Mexico votes on July 2 with Vicente Fox of the National Action Party (PAN) running close to PRI candidate Francisco Labastida in the polls. The Party of the Democratic Revolution (PRD) candidate Cuauhtemoc Cardenas Sol"rzano, widely believed to have had the 1988 election stolen from him in a PRI stitch-up, is running a poor third.
Jorge Castaneda, professor of political economy at Mexico's National Autonomous University, said there are limits to what a Fox presidency can achieve. "It will not change the distribution of income or power, or change Mexico's foreign relations." But the political impact would be massive. "It would change everything. The presidency is key to the entire system. The PRI will continue to matter, but with no PRI president there will be no boss. The state governors, business people and union leaders will have to think for themselves," he said.

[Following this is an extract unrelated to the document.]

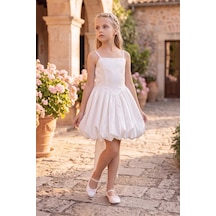 Butik Happy Kids Kız Çocuk Abiye Beyaz Monoray Parlak Kumaş Balon Etekli Askılı Fiyonklu Abiye Elbise 9-12 Yaş Doğum Günü Düğün Davet Elbisesi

If the PRI loses, Professor Castaneda expects realignment, with defections to the PAN and the PRD, although if Fox wins "it will be a humiliation for Cardenas".
Professor Castaneda expects Fox to continue PRI economic policies, but to take action to improve education, health, housing and public finances, including the creation of a more effective tax system. "The end of the PRI monopoly will create civic space for groups such as teachers, women's groups and workers in the maquiladora-free trade zones on the United States border to develop their political role," he said.
A Fox administration has a better chance of disentangling problems of Professor Castaneda's University, still recovering from several months of student occupation.
Once a leading adviser to Cardenas, Professor Castaneda will cast his vote for the rightist Fox. "This is a referendum on the system, not a beauty contest," he said.